I didn’t really have to deal with that since I didn’t begin to submit my “life’s work” of duffel bags filled with writing until a little over 4 years ago at age 34. I’m always saying that I’m 20 years late to the party. Ha!

4. What is your daily writing routine

There are times, like during a submission period for Into the Void Magazine, where I’ll switch my sleeping pattern so that I sleep 8 hours once every 3 days and nights. I know this sounds crazy and everyone gives me hell over it, but once you’ve adapted to it, it actually works really well. This whole idea that people need 8 entire hours of sleep a night is really not True, in my opinion at least. People end up sleeping their lives away like this. So, I can’t really say I have a writing “routine.” I usually reserve the nights for my own writing/copying up the uncountable poems and other writings in my plethora of notebooks.

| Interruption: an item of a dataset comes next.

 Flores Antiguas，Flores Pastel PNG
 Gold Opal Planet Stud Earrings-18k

5. What motivates you to write?

When that inspiration hits, I WILL allow the ton of other things I told people I’d do for them to fall by the wayside. That’s NOT counting reading submissions for Into the Void Magazine—that’s the one and only exception to this rule. When I feel that wave of inspiration hit, I like to ride it for as long as I possibly can

6. What is your work ethic?

I guess I kind of answered that one in the last 2 questions. For instance, right now I owe 38 people book reviews, am in the process of making the final decisions of what poems are going to make it into the next issue of Into the Void Magazine, plus a million other things—only a few of which are coming to mind right now. Not to sound pompous, but I would say I have an extremely strong work ethic.

7.  How do the writers you read when you were young influence you today?

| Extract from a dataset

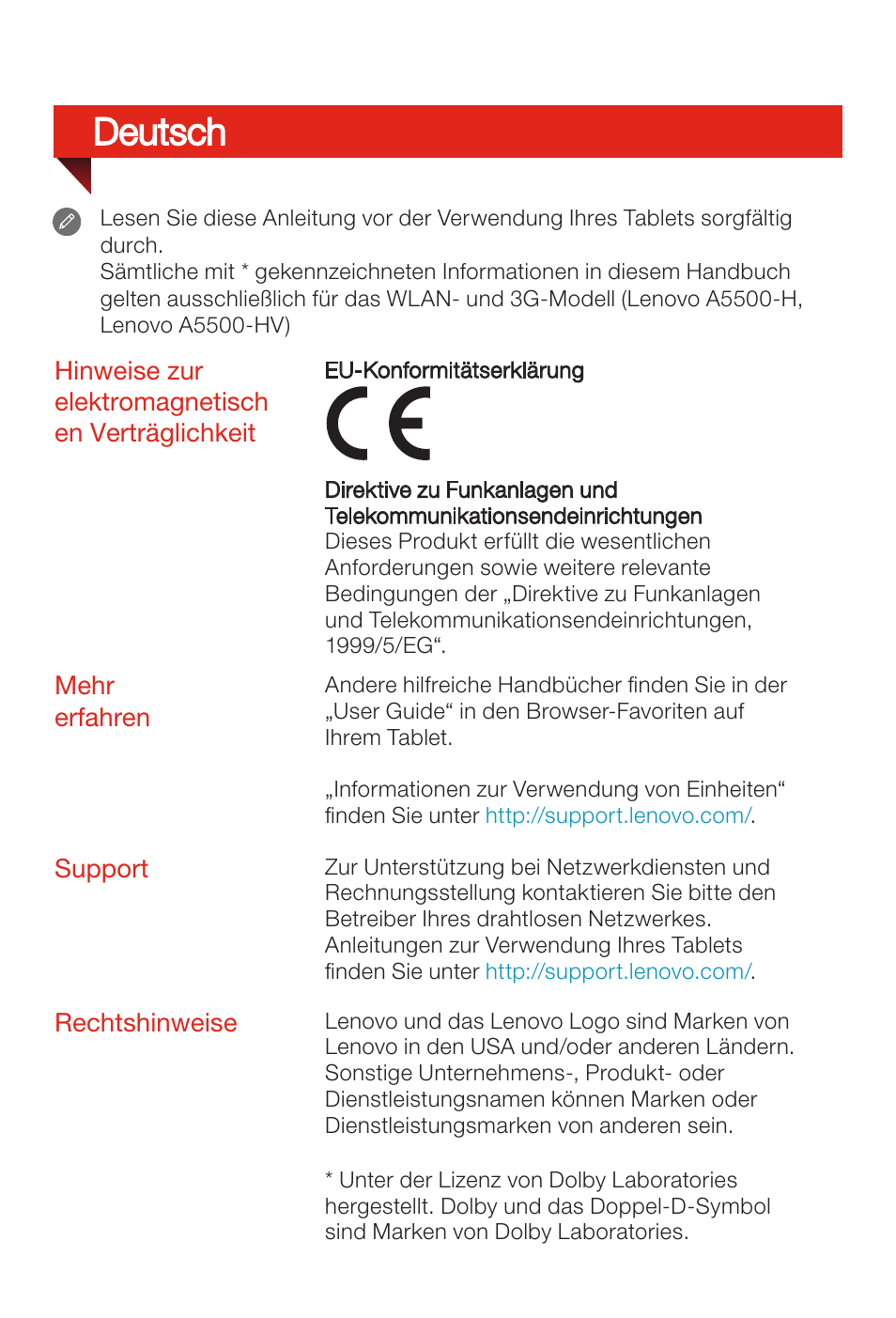 Deutsch | Lenovo A8-50 Tablet User Manual | Page 8 / 80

Most likely in more ways than I give them credit for. I always liked to think I was taking my own route in my notebooks but I’m sure that writers like Kerouac and Burroughs found their way in through my subconsciousness at least some of the time.

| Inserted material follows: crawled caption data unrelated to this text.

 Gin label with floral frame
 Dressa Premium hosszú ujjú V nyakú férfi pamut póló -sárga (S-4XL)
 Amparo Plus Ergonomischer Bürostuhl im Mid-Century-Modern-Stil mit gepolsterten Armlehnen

8. Who of today’s writers do you admire the most and why?

I always say that’s a 3-way tie between Heller Levinson, Felino A. Soriano, and Alan Britt. If anyone reading this is not familiar with their work I would highly recommend checking it out.  These are the 3 contemporary poets that your grandchildren will be reading in textbooks right next to Whitman and Cummings.

9. Why do you write?

This is a question I’ve never been able to fully answer. I’ve just always had the need to write.  As I said in a previous answer, I’ve found a notebook with writing in it as far back as the 2nd grade. I do know that it’s a great catharsis for me. I guess it’s something I’ve always needed to do on some kind of subconscious level. Writing has always been a part of my life.

10. What would you say to someone who asked you “How do you become a writer?”

I would tell them that I don’t really think anyone “becomes” a writer. I would say that when you’re born you’re either a writer or you’re not a writer. There are a lot of imitative writers out there, but I can’t speak for them.

11. Tell me about the writing projects you have on at the moment.

Well, I’m currently typing up and editing 17 of the 88 books I’ve written over my life and am at various stages of completion with them. On top of that, there’s several new books that I’ve begun writing but none of them are really close to being done or fully edited. 2 of the newer books are books that have been written completely on the computer, which is something new for me. As far as forthcoming books, I have 2. “This is the Past” is due to be published by Between These Shores Books and “Tangential Dithyrambs” is due to be published by Concrete Mist Press.

Thank you for taking the time to let me spout a little bit about my life. It’s much appreciated.